Tactical Urbanism: taking Ithaca’s streets back from cars

Tactical Urbanism: taking Ithaca’s streets back from cars

In Ithaca, a cyclist on the corner of Clinton and Plain Streets waits for an opportunity to cross. (Image credit: Casey Martin / Ithaca Times)

A temporary 'bumpout' installed at the same intersection during Streets Alive! in Ithaca, showing how temporary traffic calming measures can be installed on a city's streets. (Image credit: Ithaca Times)

“On a crisp October evening, a small group—less than ten people—stood on the corner of Clinton and Plain, cars whipping by as they talked about the intersection behind them,” writes Nick Reynolds for the Ithaca Times. “Brought together for an event hosted by Bike Walk Tompkins, the group clustered around a sandwich board set up on the corner, talking about ways they as an organization could begin to put their minds to work in order to transform the intersection in a way that made it more walkable and more navigable for those on foot, on bikes or even behind the wheel of a car. Intently discussing the subject, the group’s conversation was interrupted as their attention went to a woman on the corner, who waited several minutes for an opportunity to cross as an endless stream of cars hissed by her and her two young children.”

“Victoria Armstrong, director of Bike Walk Tompkins, had seen enough and, in a small gap in traffic flow, stepped out in the street, waving her arms.”

“‘Do you think this intersection needs traffic control?’ she shouted with a smile.”

“The rest of the group laughed with her. It was the exact thing the group had come here to discuss.”

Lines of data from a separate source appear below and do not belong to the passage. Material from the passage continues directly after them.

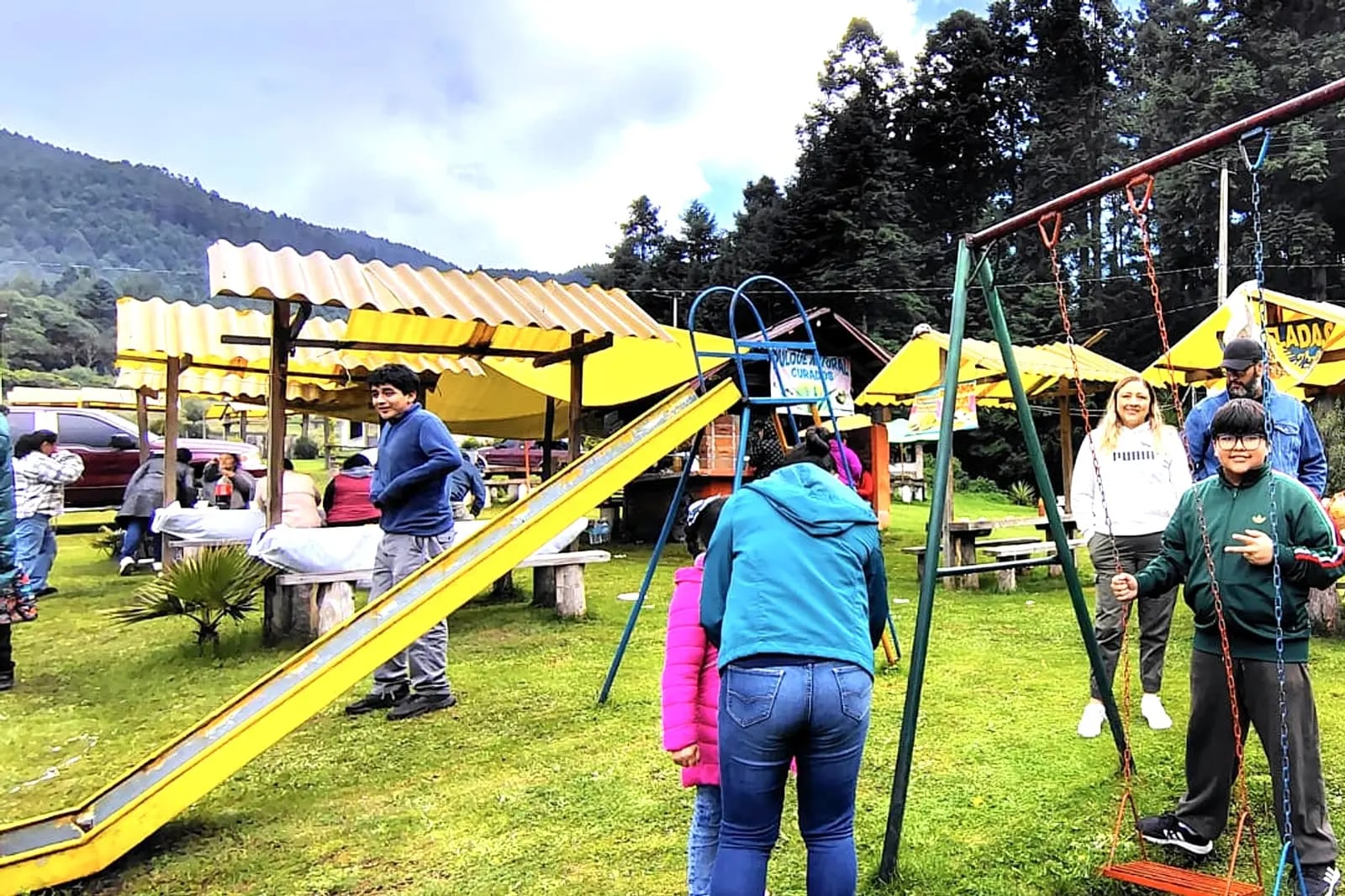 Visitantes en el área de columpios junto a las palapas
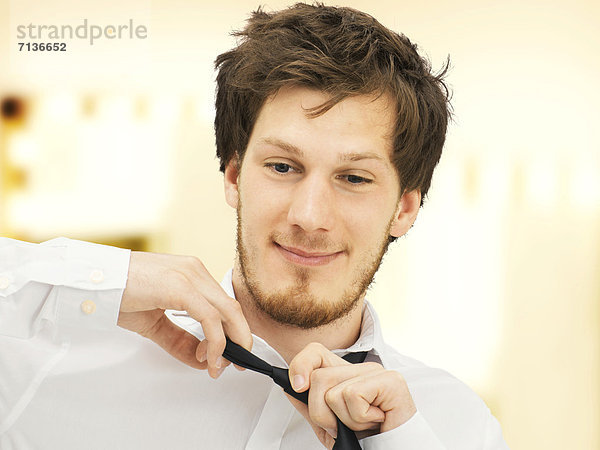 Portrait  junger Mann mit Bart  zieht Krawatte aus  lächelnd  entspannt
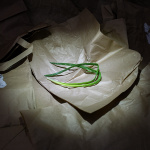 Fotografia kolorowa w pionie przedstawiająca pogniecione torby papierowe. Na jednej z toreb w centrum kadru widać zielony szczypior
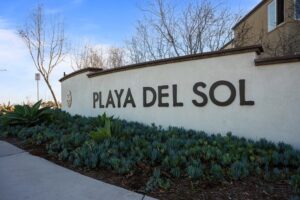 Entrance monument sign for the Playa Del Sol resort-style gated community in San Diego
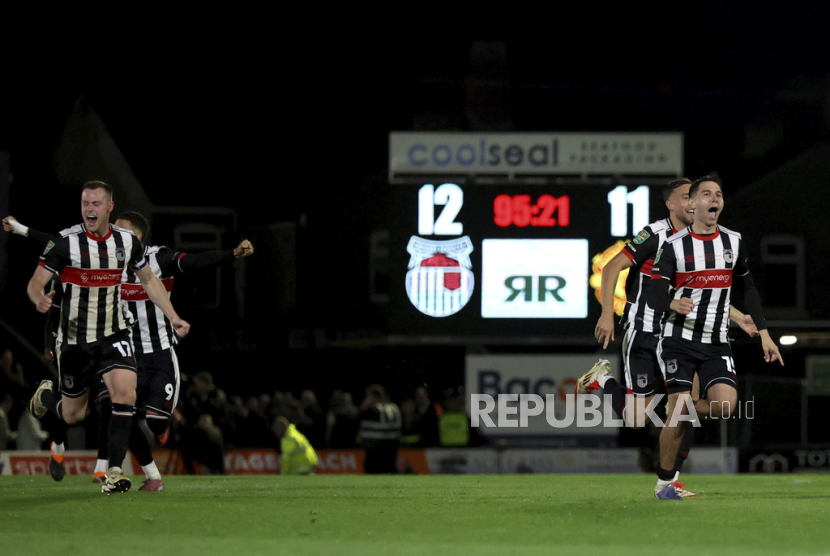 Para pemain Grimsby Town merayakan kemenangan atas Manchester United dalam adu penalti untuk memenangkan pertandingan putaran kedua Piala Liga Inggris, Kamis, 28 Agustus 2025 dini hari WIB, di Hill Blundell Park di Grimsby.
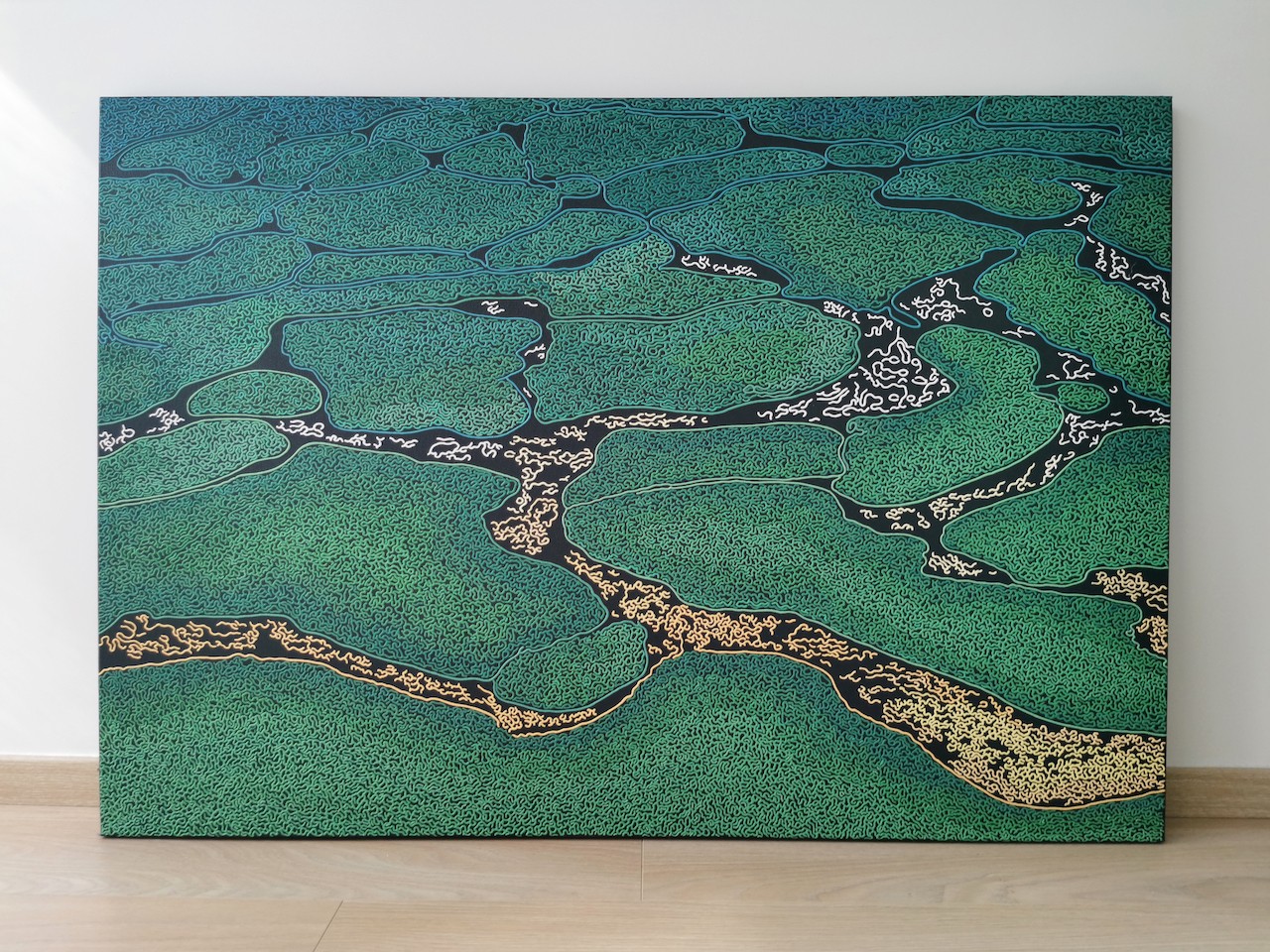 A large painting on a wall in a room.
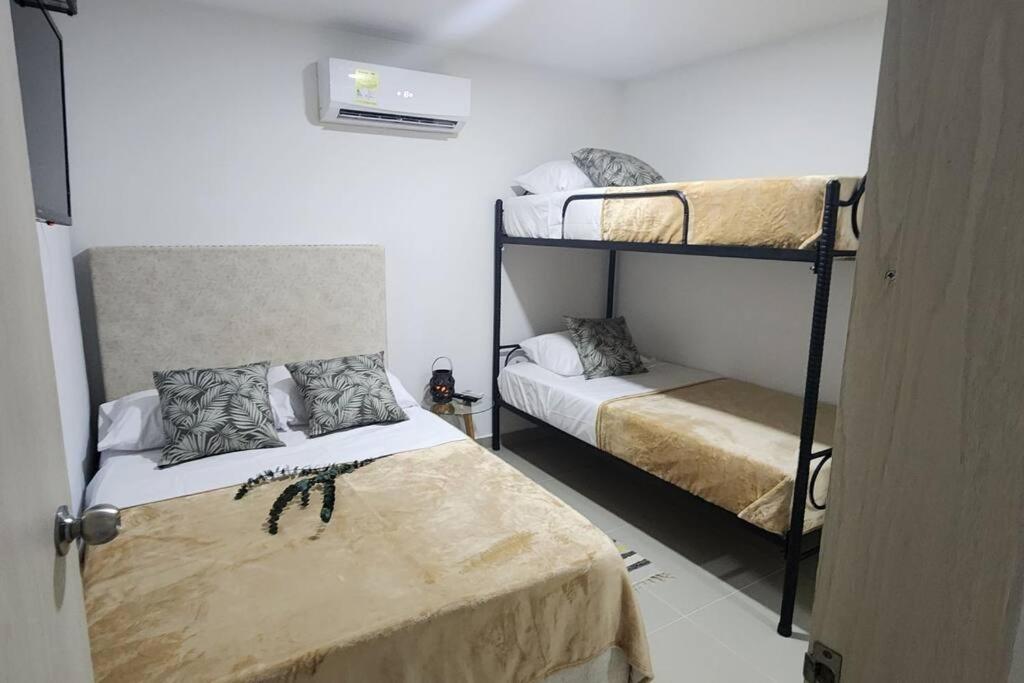 Zimmer mit 2 Etagenbetten in einem Zimmer mit einer Tür in der Unterkunft Genial apartamento de playa! coveñas in Coveñas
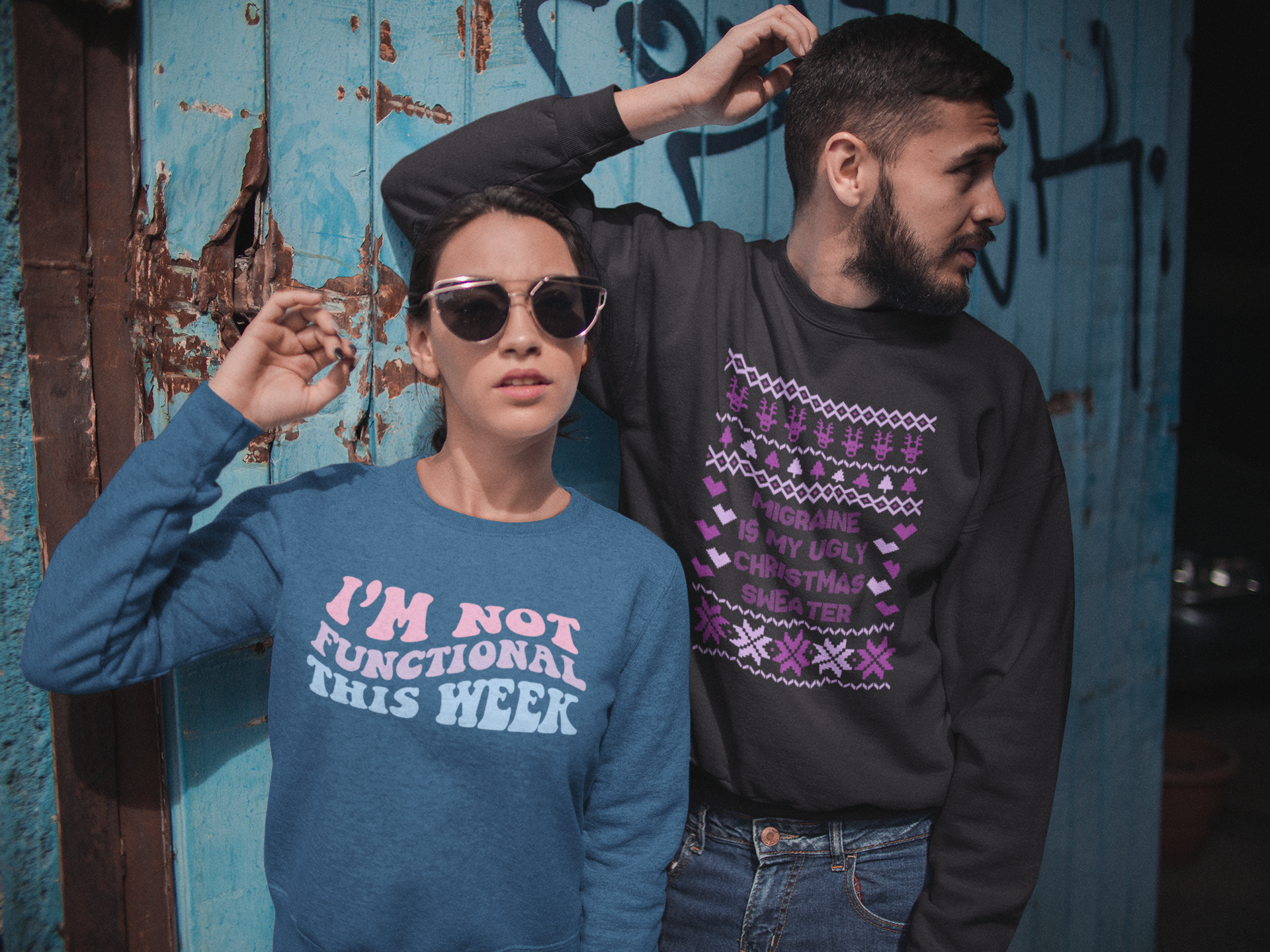 Woman wearing a blue green sweatshirt saying "I'm not functional this week" in a wavy pattern and a man wearing a black sweatshirt saying "Migraine is my ugly Christmas Sweater"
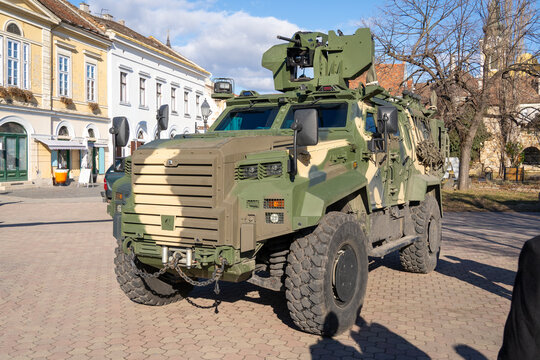 A camouflaged modern 4x4 MRAP armored fighting vehicle on the street of a Hungarian city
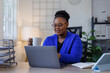 © David - African American business woman, A female secretary work on laptop Sitting at a Desk, reports to the workplace in the office, uses a computer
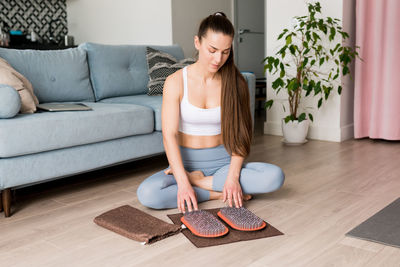 Athletic millennial woman with wooden sadhu board with nails or a fire board, a yoga desk 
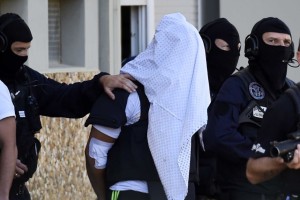 French police escort Yassin Salhi as they leave his flat in Saint-Priest.
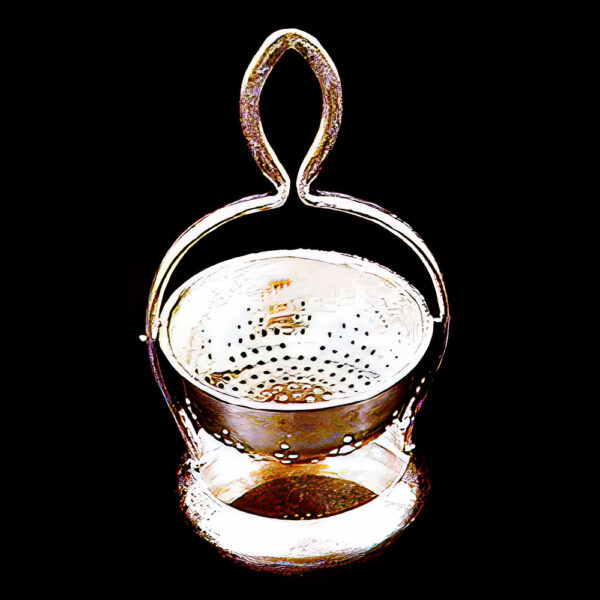 Antique Silver tea strainer and attached stand holder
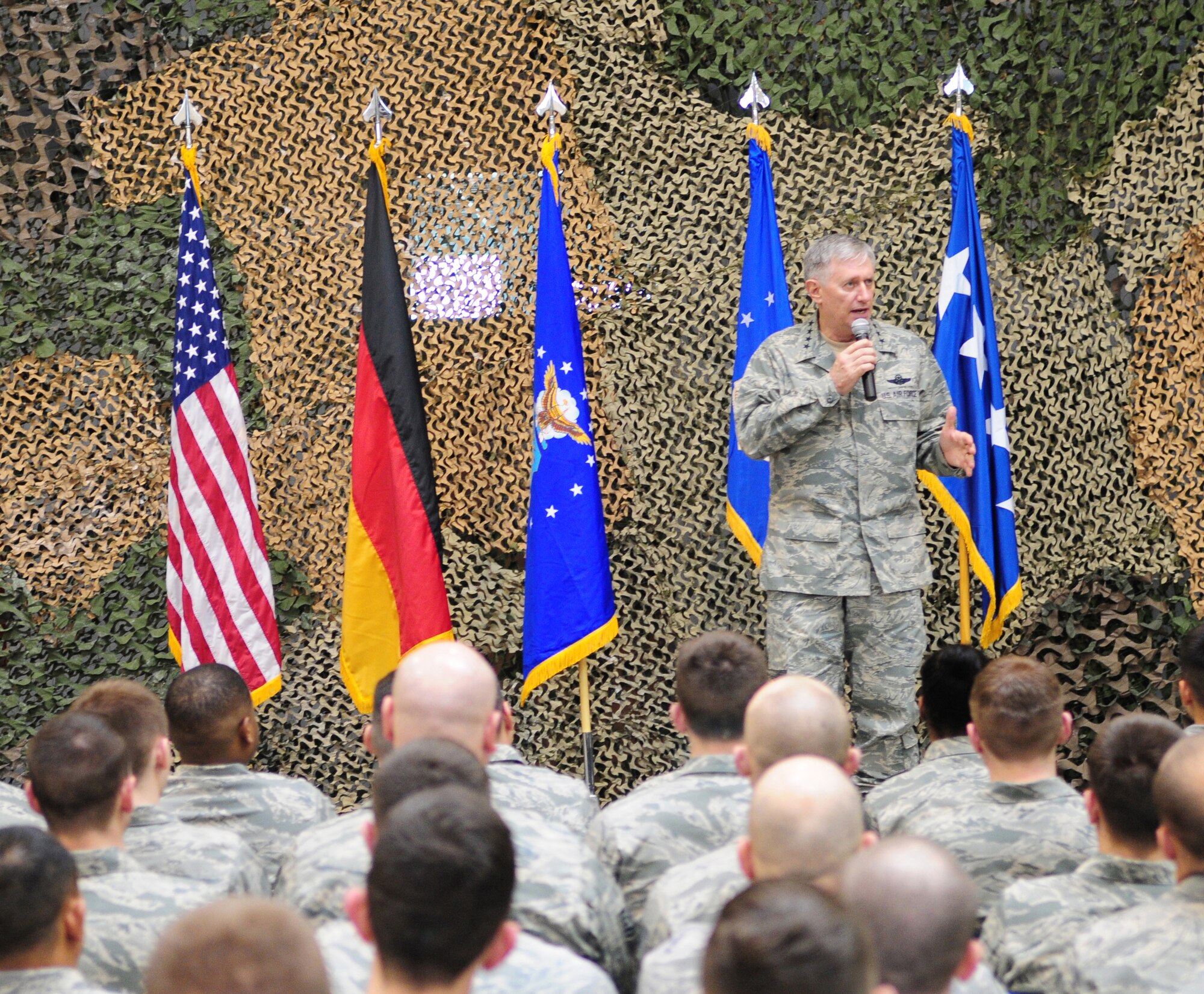 RAMSTEIN AIR BASE, Germany -- Gen. Roger A. Brady, commander U. S. Air Forces in Europe, speaks to members of the 435th Air Ground Operations Wing during a commander’s call March 16, 2010. General Brady and Chief Master Sgt. Pamela Derrow, USAFE command chief master sergeant, spent the day visiting the facilities of the 435th Air Ground Operations Wing. It was their first visit to USAFE's newest wing since it stood up in July 2009. (U.S. Air Force photo by Airman Desiree Esposito)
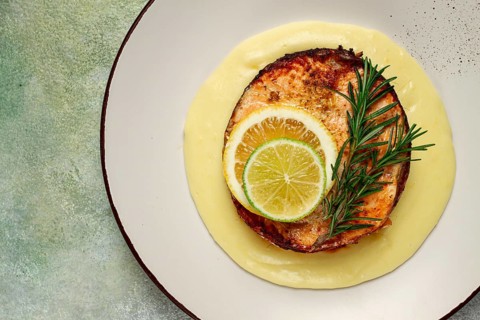 Salmon steak, fried, mashed potatoes, top view, rosemary, lemon and lime, homemade, one serving, no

“Several weeks ago during the organization’s annual celebration of the pedestrian experience, Streets Alive! Ithaca, Bike Walk Tompkins demonstrated a technique called Tactical Urbanism that had been utilized throughout the nation to spur change in the way we navigate and engineer our city’s thoroughfares. A sort of mechanism of temporary engineering, the group had gone to work on this intersection with paint and traffic cones to bump out the curb to improve the line of sight for pedestrians and slow down traffic to a level to a speed where it would actually be forced to yield the crosswalk to pedestrians. In short, using a hunch based on their own observations, the group was able to test out a method of improving the intersection without any significant expense.”

“Resembling programs implemented in Denmark, New York City (most prominently, in the early days of testing Times Square as a pedestrian zone) and in Burlington [Vermont], where it is employed often in order to test traffic improvements before they’re invested in, Tactical Urbanism comes from a relatively young school of thought among the more progressive arm of the planning community: Either working within the realms of the law or outside it, citizens for years have been making temporary changes to the streetscape, a sort of guerilla approach to neighborhood building that utilizes short-term, low-cost, and scalable interventions and policies to catalyze long term change.”